Quels sont les premiers retours sur ces actions ?

HP : Nous avons pu constater que la démarche elle-même était appréciée par les managers, qui l’ont exprimé lors des groupes de parole. Les actions aussi sont jugées satisfaisantes et les managers s’y retrouvent. Nous avons par exemple de très bons retours sur les ateliers de co-développement, qui sont plébiscités.

Pour autant, il est encore trop tôt pour pouvoir réellement tirer un bilan à l’échelle de la caisse. Nous sommes encore dans le déploiement du plan d’action, qui doit se poursuivre et s’inscrire dans un temps plus long, qui plus est dans une période complexe de transformation pour l’Assurance Maladie. Nous allons présenter de premiers éléments en CSE au mois de décembre, mais il s’agira essentiellement de montrer que la démarche avance et qu’elle fait partie des priorités de notre organisme.

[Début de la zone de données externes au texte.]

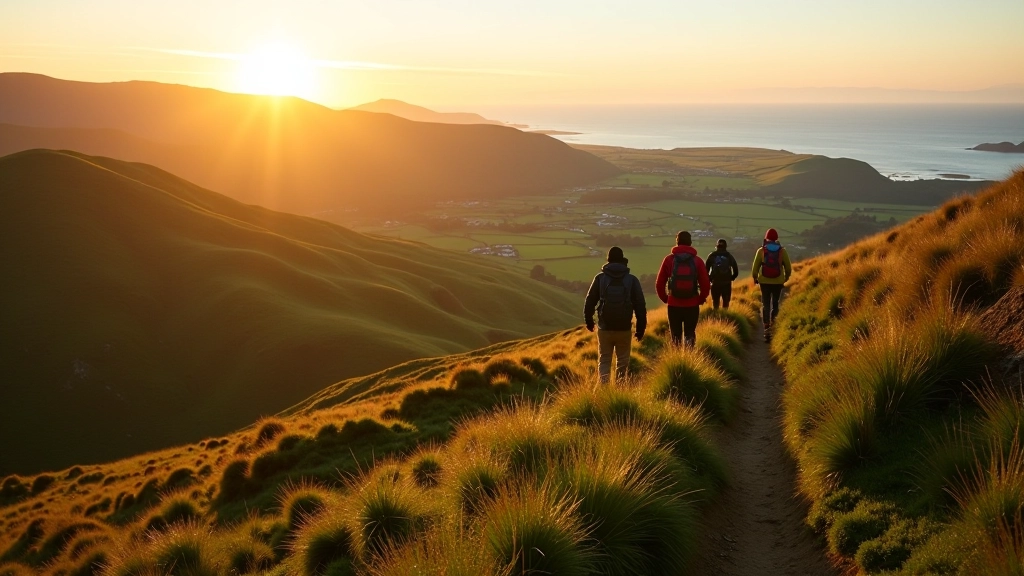 Stunning Irish mountain trail with green valleys and distant coastal views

Quelles perspectives pour la suite ?

CS : En plus du déploiement des plans d’action déjà actés, les diagnostics RPS se poursuivent dans de nouvelles entités. Nous en avons réalisé un 7e dans les agences physiques de notre caisse. Il a lui aussi été réalisé avec notre prestataire, mais à terme c’est notre service SQVT qui prendra le relais, car il a été formé à cet exercice.

Nous devrons également adapter notre démarche en fonction d’autres éléments de contexte. Comme par exemple les actions que nous mettons en place autour de la grande cause 2025, la santé mentale, qui vont venir nourrir la thématique de la prévention des RPS. Ou bien les remontées des services, qui pourront nous aider à mieux orienter nos actions.

Sur le moyen terme, en plus du suivi d’indicateurs, l’idée serait de refaire passer un grand questionnaire RPS tous les 3 ans à l’ensemble des salariés de la caisse pour disposer d’une photographie actualisée. Ainsi nous pourrons voir ce qui s’est amélioré, et là où nous devons encore progresser.